A Huge Study Found Less than Half of Psychology Findings Were Reproducible
More evidence that science isn’t as self-correcting as you might hope.
Scientists love a good study of studies, but a new paper in Science takes this investigative thoroughness to a particularly high level: It features 270 researchers attempting to replicate a whopping 100 experiments from previously published psychology studies.
The point was to see if the studies, which are published in well-respected journals, were generally reproducible. By copying the same experiment with the same method, do you get the same results?
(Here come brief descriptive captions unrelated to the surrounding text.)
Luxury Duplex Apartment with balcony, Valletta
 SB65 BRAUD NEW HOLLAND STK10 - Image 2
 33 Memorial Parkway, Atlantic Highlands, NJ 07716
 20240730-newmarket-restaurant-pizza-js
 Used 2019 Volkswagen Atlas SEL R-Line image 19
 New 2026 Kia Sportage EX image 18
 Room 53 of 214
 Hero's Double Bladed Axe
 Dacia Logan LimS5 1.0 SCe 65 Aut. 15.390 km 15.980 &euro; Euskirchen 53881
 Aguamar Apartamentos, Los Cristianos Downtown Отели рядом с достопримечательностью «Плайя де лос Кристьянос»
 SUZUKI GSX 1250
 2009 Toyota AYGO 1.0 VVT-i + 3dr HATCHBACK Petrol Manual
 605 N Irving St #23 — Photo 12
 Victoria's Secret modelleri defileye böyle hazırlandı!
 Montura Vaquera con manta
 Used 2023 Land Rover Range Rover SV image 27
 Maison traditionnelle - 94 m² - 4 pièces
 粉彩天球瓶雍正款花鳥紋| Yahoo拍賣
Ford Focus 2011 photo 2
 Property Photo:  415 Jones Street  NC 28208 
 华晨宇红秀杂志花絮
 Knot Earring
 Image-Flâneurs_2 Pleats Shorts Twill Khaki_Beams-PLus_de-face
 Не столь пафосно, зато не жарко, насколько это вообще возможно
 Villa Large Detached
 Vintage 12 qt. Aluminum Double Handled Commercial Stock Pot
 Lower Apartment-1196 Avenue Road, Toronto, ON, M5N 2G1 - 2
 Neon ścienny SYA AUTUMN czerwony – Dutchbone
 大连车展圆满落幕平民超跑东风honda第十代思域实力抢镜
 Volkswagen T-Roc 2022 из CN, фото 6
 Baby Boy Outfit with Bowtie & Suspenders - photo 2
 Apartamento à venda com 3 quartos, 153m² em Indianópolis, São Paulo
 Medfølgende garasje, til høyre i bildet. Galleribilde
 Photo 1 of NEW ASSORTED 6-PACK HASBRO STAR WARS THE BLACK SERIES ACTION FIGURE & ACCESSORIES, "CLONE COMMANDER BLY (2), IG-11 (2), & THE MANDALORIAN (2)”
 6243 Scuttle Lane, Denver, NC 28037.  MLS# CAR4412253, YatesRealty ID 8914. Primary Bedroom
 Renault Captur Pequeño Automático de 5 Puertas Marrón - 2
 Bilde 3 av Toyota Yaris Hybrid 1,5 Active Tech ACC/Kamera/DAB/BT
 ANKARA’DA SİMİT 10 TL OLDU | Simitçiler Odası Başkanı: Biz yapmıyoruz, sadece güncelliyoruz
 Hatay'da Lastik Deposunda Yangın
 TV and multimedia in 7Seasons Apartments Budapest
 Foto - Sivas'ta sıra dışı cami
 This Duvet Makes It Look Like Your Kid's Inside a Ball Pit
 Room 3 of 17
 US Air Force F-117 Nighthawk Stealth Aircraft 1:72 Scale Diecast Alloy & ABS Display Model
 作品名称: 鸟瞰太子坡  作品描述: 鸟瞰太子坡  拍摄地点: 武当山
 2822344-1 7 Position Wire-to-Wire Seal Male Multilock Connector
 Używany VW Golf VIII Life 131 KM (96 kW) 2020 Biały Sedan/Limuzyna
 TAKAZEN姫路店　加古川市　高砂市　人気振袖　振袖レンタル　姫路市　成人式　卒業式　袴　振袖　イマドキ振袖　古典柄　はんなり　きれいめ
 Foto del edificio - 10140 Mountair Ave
In many cases: no.
"Replication effects were half the magnitude of original effects, representing a substantial decline," the authors said in their paper, writing under the Open Science Collaboration and led by Brian Nosek.
"Independent replication is really a feature of good quality, robust scientific evidence," Gavin Sullivan, a reader at the Centre for Research in Psychology, Behavior and Achievement at Coventry University, told me. He's one of the many researchers who took part. If a study is clear about its methodology and findings, you'd expect to be able to repeat it, he said. "If you don't, it makes you wonder what factors were involved—was it internal factors, something to do with the participants; or was it something external to do with the journal?"
"Sometimes journal editors may favour more innovative or even counterintuitive findings."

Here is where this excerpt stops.